Copy all lines below containing "Shirt".
** Opening Records to process block **
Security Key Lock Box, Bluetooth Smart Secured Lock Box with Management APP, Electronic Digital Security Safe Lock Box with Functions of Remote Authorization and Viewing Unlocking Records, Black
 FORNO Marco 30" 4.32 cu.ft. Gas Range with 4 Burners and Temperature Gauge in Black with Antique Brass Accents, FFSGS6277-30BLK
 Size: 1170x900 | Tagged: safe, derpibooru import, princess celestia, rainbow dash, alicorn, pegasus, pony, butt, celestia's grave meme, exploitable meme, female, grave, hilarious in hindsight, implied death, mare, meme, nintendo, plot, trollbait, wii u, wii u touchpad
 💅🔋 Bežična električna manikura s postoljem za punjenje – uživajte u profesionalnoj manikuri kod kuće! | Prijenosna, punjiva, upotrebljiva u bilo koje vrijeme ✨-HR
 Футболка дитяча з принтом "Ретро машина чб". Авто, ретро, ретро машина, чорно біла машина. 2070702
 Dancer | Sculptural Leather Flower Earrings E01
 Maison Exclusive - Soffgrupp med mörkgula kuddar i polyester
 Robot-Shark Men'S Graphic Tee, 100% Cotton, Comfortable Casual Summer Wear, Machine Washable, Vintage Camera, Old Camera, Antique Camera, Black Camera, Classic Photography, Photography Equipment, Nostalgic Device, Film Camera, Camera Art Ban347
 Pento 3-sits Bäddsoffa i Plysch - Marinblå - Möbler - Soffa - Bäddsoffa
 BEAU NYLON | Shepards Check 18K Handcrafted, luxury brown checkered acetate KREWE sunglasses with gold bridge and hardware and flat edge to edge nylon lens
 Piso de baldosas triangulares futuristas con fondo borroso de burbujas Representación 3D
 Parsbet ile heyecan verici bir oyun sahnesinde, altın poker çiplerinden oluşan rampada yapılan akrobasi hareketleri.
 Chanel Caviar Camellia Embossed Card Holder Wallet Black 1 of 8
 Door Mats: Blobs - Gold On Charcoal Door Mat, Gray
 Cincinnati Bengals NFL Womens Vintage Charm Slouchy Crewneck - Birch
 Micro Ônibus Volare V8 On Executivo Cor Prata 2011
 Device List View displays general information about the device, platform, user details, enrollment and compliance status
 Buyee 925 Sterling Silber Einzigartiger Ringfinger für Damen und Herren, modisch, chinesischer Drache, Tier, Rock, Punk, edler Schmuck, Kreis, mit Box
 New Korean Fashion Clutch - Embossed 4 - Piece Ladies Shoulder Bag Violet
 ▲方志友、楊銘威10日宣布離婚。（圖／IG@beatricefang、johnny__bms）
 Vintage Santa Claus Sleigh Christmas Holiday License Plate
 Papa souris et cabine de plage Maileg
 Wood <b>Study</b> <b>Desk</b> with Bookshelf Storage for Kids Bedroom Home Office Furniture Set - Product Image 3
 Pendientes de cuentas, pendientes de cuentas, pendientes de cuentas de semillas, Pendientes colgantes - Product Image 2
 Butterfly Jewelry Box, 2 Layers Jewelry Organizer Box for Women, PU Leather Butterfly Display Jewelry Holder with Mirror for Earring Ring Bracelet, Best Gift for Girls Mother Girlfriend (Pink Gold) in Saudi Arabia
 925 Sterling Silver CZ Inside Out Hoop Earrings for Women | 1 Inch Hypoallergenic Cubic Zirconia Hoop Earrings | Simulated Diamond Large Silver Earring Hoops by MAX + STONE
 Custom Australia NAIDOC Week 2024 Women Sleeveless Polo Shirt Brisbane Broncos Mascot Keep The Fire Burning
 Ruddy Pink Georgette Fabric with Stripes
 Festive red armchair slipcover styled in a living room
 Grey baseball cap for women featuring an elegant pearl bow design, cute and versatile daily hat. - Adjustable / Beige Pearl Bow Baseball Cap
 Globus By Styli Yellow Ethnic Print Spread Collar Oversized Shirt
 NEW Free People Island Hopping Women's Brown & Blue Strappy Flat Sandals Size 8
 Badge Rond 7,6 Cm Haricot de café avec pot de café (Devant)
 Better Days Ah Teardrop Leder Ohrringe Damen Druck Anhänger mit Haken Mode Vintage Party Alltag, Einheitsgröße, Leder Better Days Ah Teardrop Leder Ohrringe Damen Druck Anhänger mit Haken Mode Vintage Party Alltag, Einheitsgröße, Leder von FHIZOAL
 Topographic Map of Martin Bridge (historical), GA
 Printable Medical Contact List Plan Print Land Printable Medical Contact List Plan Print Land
** Closing Records to process block **
• Task response:
 Custom Australia NAIDOC Week 2024 Women Sleeveless Polo Shirt Brisbane Broncos Mascot Keep The Fire Burning
 Globus By Styli Yellow Ethnic Print Spread Collar Oversized Shirt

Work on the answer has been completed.